If you are shopping for a midsize SUV, with three rows of seats and a hybrid power train, the Highlander Hybrid is your best choice. In fact, it is your only choice, there’s nothing that competes with it. The Hybrid gives you better gas mileage than the standard Highlander, but at a higher price.
The Highlander was updated last year, and carries over unchanged. All of the updates that were made in 2017 were welcomed improvements, except for the styling, which gets mixed reviews. The grille, in particular, with its five chrome slats, gets slammed for being too truck-like. A black-trimmed version, which is less obtrusive, is available on the standard Highlander, but not on the Hybrid. Too bad.
In contrast to its blunt exterior, the Highlander’s cabin is quite refined. Leather seats are standard, and soft-touch materials abound. The dash has a leather-like top surface, subtle woodgrain trim, a large, integrated touchscreen and a cleverly designed shelf at midlevel to hold small items, like sunglasses and your smartphone. Leather seats on my test car looked like they came out of a Lexus.
The Highlander comes in two configurations. Lower range models carry eight passengers, using a bench seat in the second row. Limited versions get two captain’s chairs in the middle, and hold seven. Front passengers have supportive buckets with power adjusters (most models), but surprisingly, there is no height adjuster for the passenger. Second-row seats slide fore and aft, which can provide a tad more foot space for the cramped occupants in the “way back.” Behind the third row is a modest 13.8 cu.-ft. of cargo space, but that triples in size with the back row folded down.
Highlander Hybrids are powered by a 3.5-liter, V-6 gas engine teamed with three electric motors. One motor powers the front wheels—another sends juice to the rear, and the third activates the starter motor and other functions. A nickel-metal-hydride battery pack stores electricity beneath the floor. This hybrid system generates 306 horsepower. A CVT automatic transmission transfers power to the all-wheel-drive system. The Hybrid is rated at 28 mpg, six mpg more than the gas-only Highlander.
Toyota offers the Hybrid in four levels of trim, LE, XLE, Limited and Limited Platinum. The base LE comes with features such as cloth seats, six-speaker audio, a touchscreen and Bluetooth.

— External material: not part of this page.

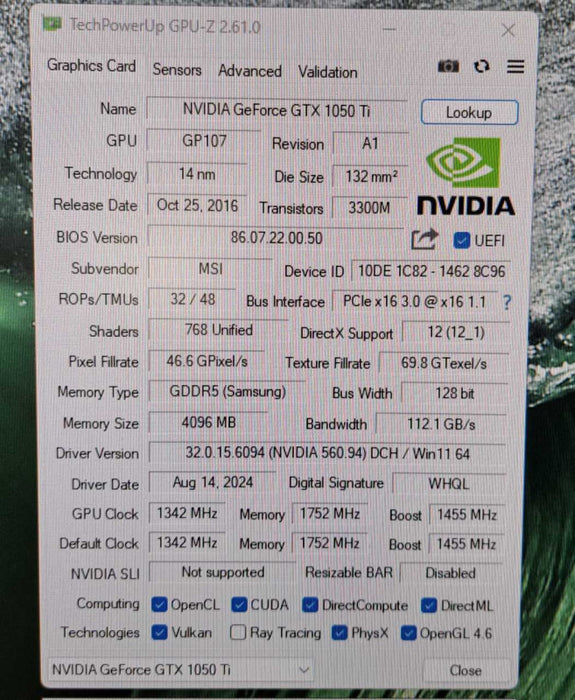 MSI NVIDIA GeForce GTX 1050 Ti 4GB GDDR5 Graphics Card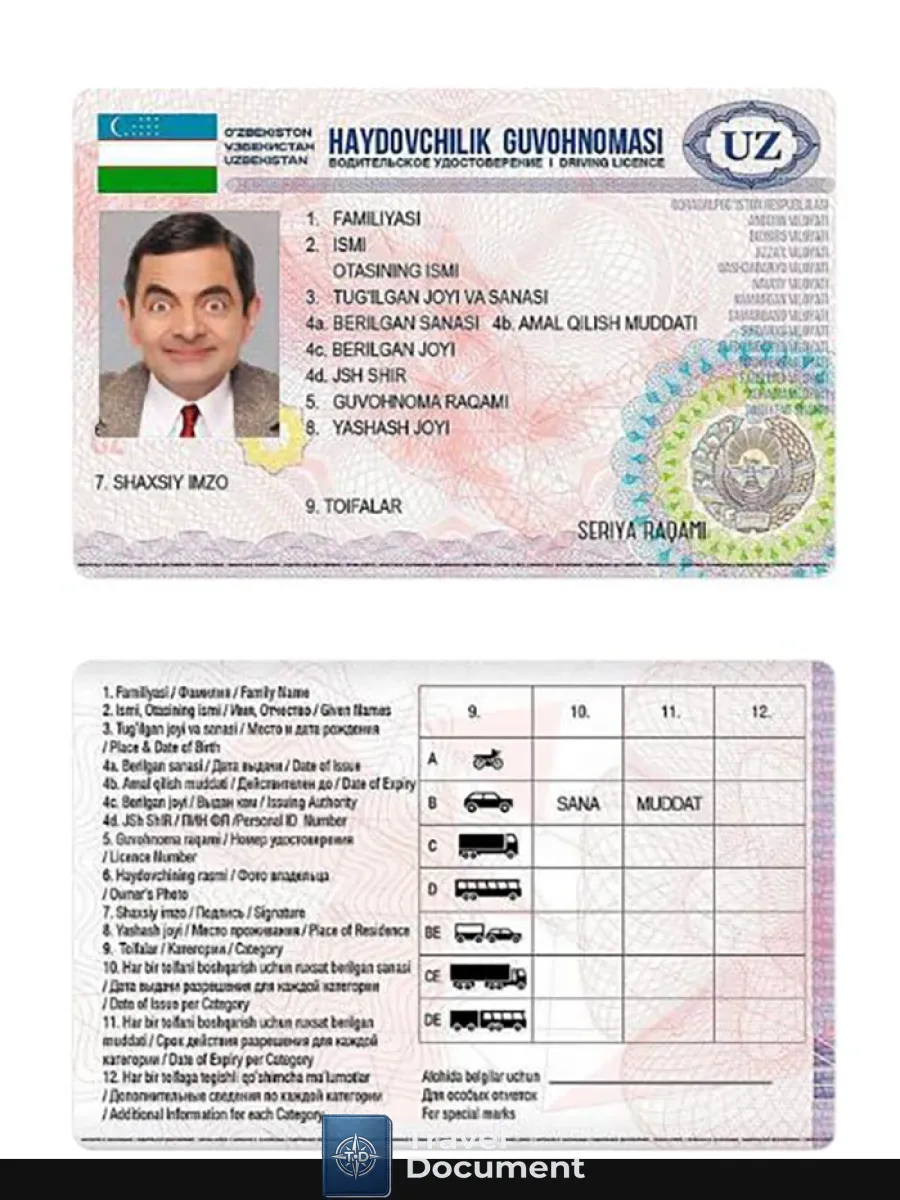 Uzbekistan Driving License 2017 Present — Driver License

However, more customers will be attracted to the XLE with leather upholstery, power front seats, a moonroof and a power tailgate. Moving further upscale, Limited buyers get second row captain’s chairs, premium stereo and rear-parking sensors. The Limited Platinum heaps on more luxury with a huge panoramic moonroof, front parking sensors and more.
Toyota includes advanced safety technology on all Highlander models. Pre-collision warning and braking (with pedestrian detection), lane-departure monitoring and intervention, adaptive cruise control and automatic high-beam headlights are standard. Blind-spot warning and rear-cross-traffic alert are also standard on all models except the LE.
The extensive luxury and safety equipment is all well and good, but how does the Highlander drive? The Toyota engineers tuned their family hauler for a cushy ride, rather than crisp handling. The steering is numb, so drivers have little feel of the road. The Highlander also leans mightily in sharp turns. On the other hand, the ride is very compliant. It absorbs bumps very well. And the Highlander is exceptionally quiet. The designers did a masterful job with sound insolation. The Highlander might not be the best SUV on twisty roads, but it’s a great highway cruiser.
The Hybrid models cost anywhere from $1,350 to $2,130 more than the gas-only Highlanders, depending on the model. The LE starts at $37,715. The best-selling XLE goes for $42,775. However, if you want more luxury, the Limited is $46,205, and the Limited Platinum is a hefty $49,325. Although the Hybrid is more expensive, I doubt if the premium price will put off many buyers who really want to drive a gas/electric SUV.